“Do Not Become Unevenly Yoked”
AS YOU can see here, the camel and the bull that are plowing together look very uncomfortable. The yoke linking them together—intended for two animals of similar size and strength—makes both beasts suffer. Concerned about the welfare of such draft animals, God told the Israelites: “You must not plow with a bull and an ass together.” (Deuteronomy 22:10) The same principle would apply to a bull and a camel.
Normally, a farmer would not impose such a hardship on his animals. But if he did not have two bulls, he might yoke together two animals he had available. Apparently, this is what the 19th-century farmer in the illustration decided to do. Because of the difference in their size and weight, the weaker animal would have to struggle to keep up the pace, and the stronger would have a greater burden to bear.

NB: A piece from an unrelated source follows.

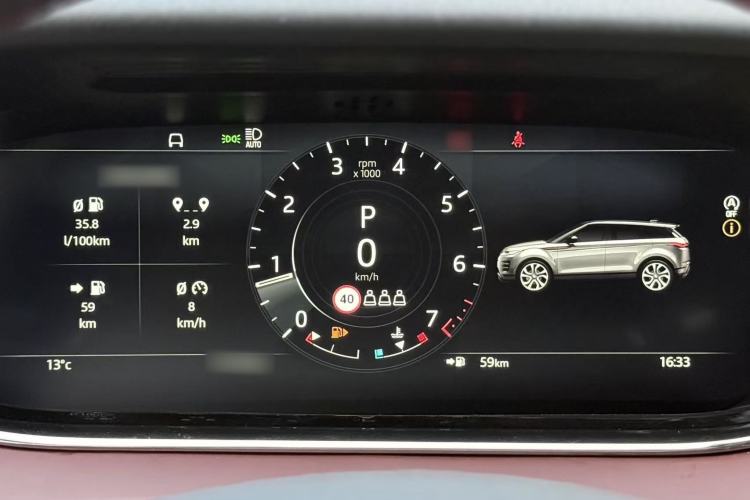 Used Land Rover Range Evoque 2022 Aurora L 249 PS R-Dynamic Luxury Edition Instrument Cluster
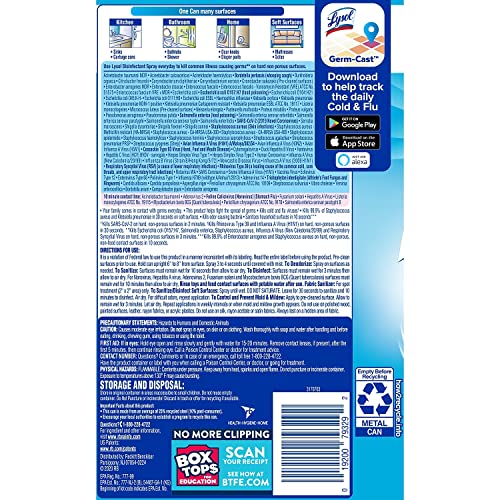 Lysol Disinfectant Spray 19 Fl Oz Multi-Purpose 1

The apostle Paul used the illustration of an uneven yoking to teach us an important lesson. “Do not become unevenly yoked with unbelievers,” he wrote. “For what fellowship do righteousness and lawlessness have? Or what sharing does light have with darkness?” (2 Corinthians 6:14) How could a Christian become unevenly yoked?
One way would be if a Christian chose a marriage mate who did not share his or her beliefs. Such a union would prove uncomfortable for both parties, the couple disagreeing on fundamental issues.
When Jehovah originated marriage, he gave the wife the role of “a complement,” or “counterpart.” (Genesis 2:18; footnote) Likewise, through the prophet Malachi, God referred to a wife as a “partner.” (Malachi 2:14) Our Creator wants married couples to pull together in the same spiritual direction, sharing the burdens and reaping the benefits equitably.
By marrying “only in the Lord,” a Christian shows respect for our heavenly Father’s counsel. (1 Corinthians 7:39) This lays a foundation for a united marriage, which can bring praise and honor to God as both spouses serve him as ‘genuine yokefellows’ in a special sense.—Philippians 4:3.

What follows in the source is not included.